Unfortunately, there are significant concerns for the safety of patients and workers that may be inadvertently exposed to hydrogen peroxide or UV irradiation when used in the medical environment. Exposure to hydrogen peroxide may cause neurological, respiratory and other damage, and exposure to UV can cause deleterious effects to the skin, eyes, and immune system. It is also known that all forms of UV can cause skin cancer. Limiting exposure to hydrogen peroxide or UV irradiation must thus be considered in areas where humans or animals may be present. Furthermore, especially regarding fumigation, even neighboring areas may be affected, as the fumigating agents may move through ventilation or sewer lines, as was the case in several unfortunate accidents (reviewed by 5). Using fumigation requires careful sealing of ventilation ducts, plumbing fixtures, doors, windows and any other openings with a material that will resist penetration.

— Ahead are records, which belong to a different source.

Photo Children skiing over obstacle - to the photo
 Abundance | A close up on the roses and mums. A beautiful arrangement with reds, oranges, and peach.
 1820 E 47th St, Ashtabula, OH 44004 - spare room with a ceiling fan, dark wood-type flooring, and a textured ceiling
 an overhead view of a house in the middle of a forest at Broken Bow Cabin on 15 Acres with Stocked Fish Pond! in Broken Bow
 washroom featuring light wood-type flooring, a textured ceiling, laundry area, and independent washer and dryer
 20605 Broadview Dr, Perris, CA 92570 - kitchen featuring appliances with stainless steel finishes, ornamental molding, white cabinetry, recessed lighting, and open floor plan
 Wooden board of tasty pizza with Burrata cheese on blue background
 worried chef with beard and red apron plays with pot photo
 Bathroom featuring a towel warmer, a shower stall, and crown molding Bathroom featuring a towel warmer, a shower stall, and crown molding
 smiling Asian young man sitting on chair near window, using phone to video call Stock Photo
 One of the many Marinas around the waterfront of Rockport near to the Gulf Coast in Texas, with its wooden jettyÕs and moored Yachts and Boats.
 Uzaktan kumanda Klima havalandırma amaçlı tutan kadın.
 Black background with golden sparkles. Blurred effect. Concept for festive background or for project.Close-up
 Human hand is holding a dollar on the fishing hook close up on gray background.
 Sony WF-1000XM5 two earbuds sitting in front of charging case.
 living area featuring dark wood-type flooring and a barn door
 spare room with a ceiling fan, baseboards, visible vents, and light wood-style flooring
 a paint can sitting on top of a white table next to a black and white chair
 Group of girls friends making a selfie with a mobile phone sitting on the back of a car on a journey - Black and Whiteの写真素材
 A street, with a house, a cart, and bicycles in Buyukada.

Blocking ventilation ducts causing changes in room pressurization or increasing room leakage could contribute to infection spread (6).


  1. Weber DJ, Rutala WA, Anderson DJ, Chen LF, Sickbert-Bennett EE, Boyce JM. Effectiveness of ultraviolet devices and hydrogen peroxide systems for terminal room decontamination: Focus on clinical trials. Am J Infect Control 2016;44(5 Suppl):e77-84.
  2. Davies A, Pottage T, Bennett A, Walker J. Gaseous and air decontamination technologies for Clostridium difficile in the healthcare environment. J Hosp Infect 2011;77:199-203.
  3. Quek PH, Hu J. Influence of photoreactivating light intensity and incubation temperature on photoreactivation of Escherichia coli following LP and MP UV disinfection. Journal of Applied Microbiology, Vol. 105, No. 1, 2008, pp. 124-133.
  4. CDC. Guidelines for Environmental Infection Control in Health-Care Facilities: Recommendations of the CDC and the Healthcare Infection Control Practices Advisory Committee (HICPAC). MMWR, Vol. 52 (No. RR-10), No. 2003, pp. 1-48.
  5. Byrns G. Alternative Room Disinfection Modalities – Pros and Cons, In: Use of Biocidal Surfaces for Reduction of Healthcare Acquired Infections. G. Borkow, Ed. pp 187-207.
  6. Byrns G, Fuller TP. The Risks and Benefits of Chemical Fumigation in the Health Care Environment. Journal of Occupational and Environmental Hygiene, Vol. 8, No. 2, 2011, pp. 104-112.